The Act goes a long way to strengthen the Public Procurement Office, providing for a central online portal where procurement data can be publicly accessible and transparent. It mandates ‘standardised and interoperable open data across the procurement cycle’, and it explicitly empowers ‘the public, civil society and the media to access, scrutinise and monitor procurement processes’. The Act thus recognises public oversight as a legitimate and necessary component of the system, transforming transparency from a passive principle into an active, participatory right.

This legislated potential for democratised, centralised procurement data will need regulatory support to manifest in a well-designed, collectively accessible portal. Regulations should promote open contracting standards that provide a common language for procurement data, allowing anyone to track a contract from its initial planning, through the tender process, to its final deliverables. Integrating this data with the new beneficial ownership register would reveal who ultimately benefits from public expenditure, turning complex information into a powerful tool for public insight and accountability.

There is already a move at national level towards using open contracting standards and increasing the amount of procurement data in the public domain. National Treasury’s Procurement Payments Dashboard for example, enables the public to explore government spending on goods and services. But the platform is not yet a full view – local government, for instance, is not yet included due to the multiple data systems operating at that level.

The Act creates previously untapped potential for civil society organisations to provide expert oversight over issues of national importance, like water infrastructure. To facilitate this, regulations could create a formal register of accredited CSOs to observe high-value tenders. Furthermore, regulations can empower communities through social audit mechanisms, enabling them to verify that delivered services match what was contracted by municipalities.  We can draw practical lessons from existing pilots of community oversight such as the Asivikelane campaign. Their work shows that traditional transparency attempts on municipal websites often fail communities; residents frequently lack basic details, like the name of the service provider emptying their toilets or whom to contact when a service fails. Practical guides developed by organisations like Asivikelane help communities find and use municipal contract information and regulations could institutionalise such approaches. This turns transparency into a citizen-led verification activity and fosters a collaborative partnership for better delivery.

In several countries around the world, from Mexico to the Philippines, civil society oversight is complementing the work of formal oversight bodies – making citizens active accountability partners in public procurement.

Some may question whether this focus on transparency and public access could slow down the system or risk exposing sensitive information.

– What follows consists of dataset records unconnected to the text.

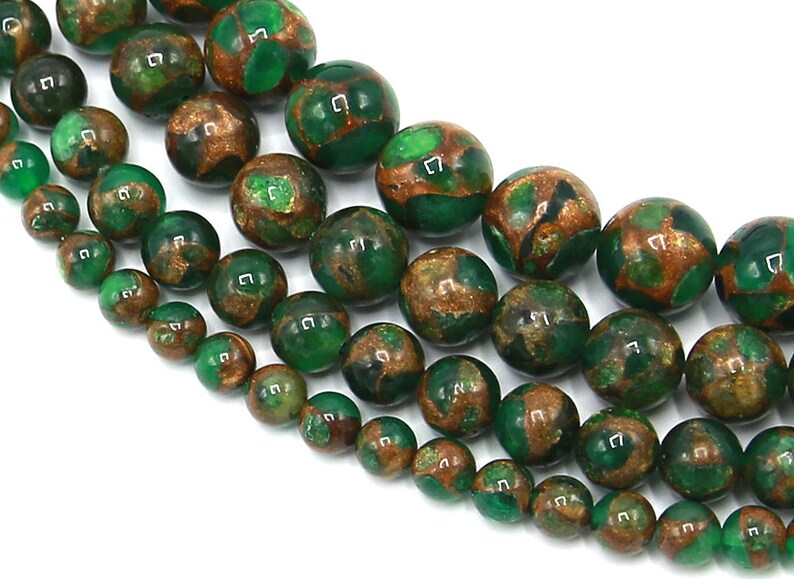 cl legacy sand stone forest green harmony green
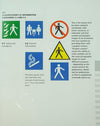Wayfinding: Pictografic Systems Nonverba (Hb)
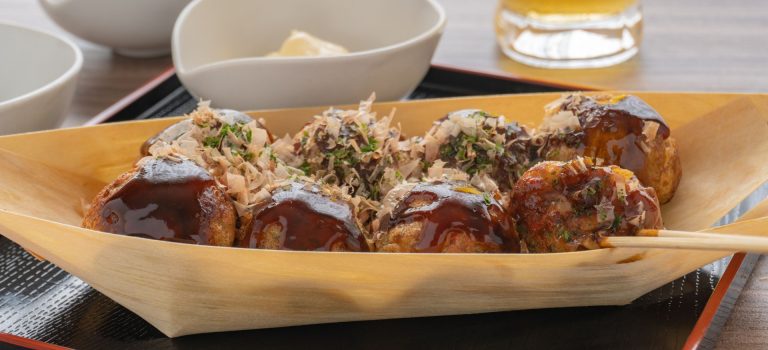 全国に広がる味覚革命牛タンが食卓を彩る現代グルメ事情と楽しみ方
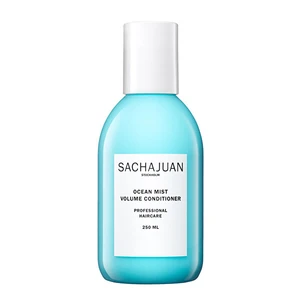 Sachajuan Ocean Mist objemový kondicionér pro plážový efekt 100 ml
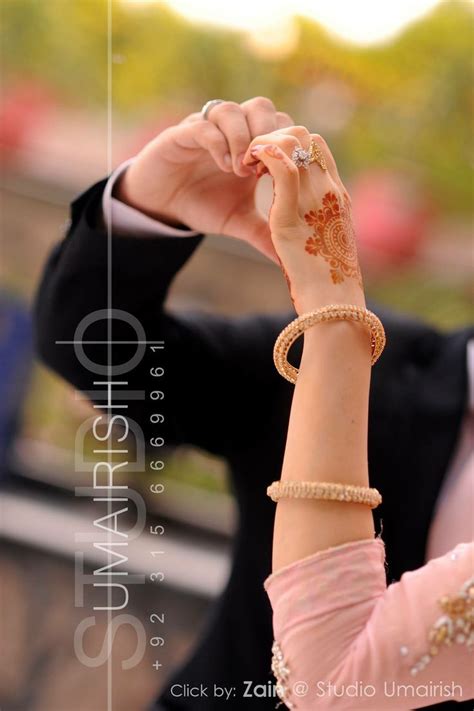 Cute pictures of pretty flower girls dp for social media. 1000+ images about Dpz for Girlz on Pinterest | Henna, Dp ...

There are, however, clear guardrails developed internationally for managing these risks, some of which we explore in our recent policy paper.

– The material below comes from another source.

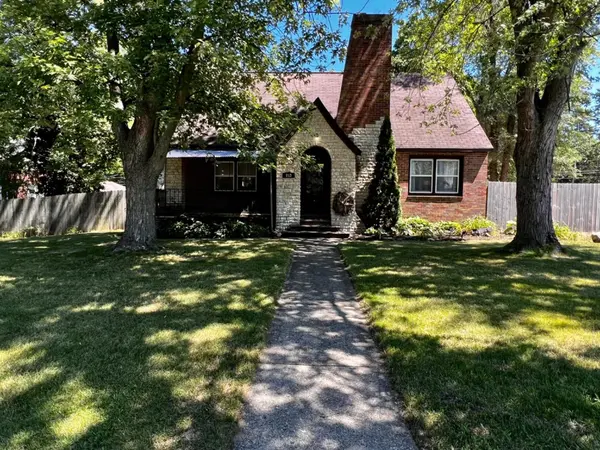 313 N Carroll AVE, Michigan City, IN 46360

We need to think carefully about the practical mechanics of accountability. How do we protect whistleblowers who raise red flags? How do we ensure enforcement mechanisms are strong enough that those who identify problems are heard? And how do we empower communities, with real tools and access, to play a meaningful role in social audits? This is the difficult, granular work of translating a law into lived reality. By embracing meaningful transparency and public oversight we can bring real accountability to procurement, the space most vulnerable to corruption, and give flesh to the constitutional principle of participatory democracy at the local government level.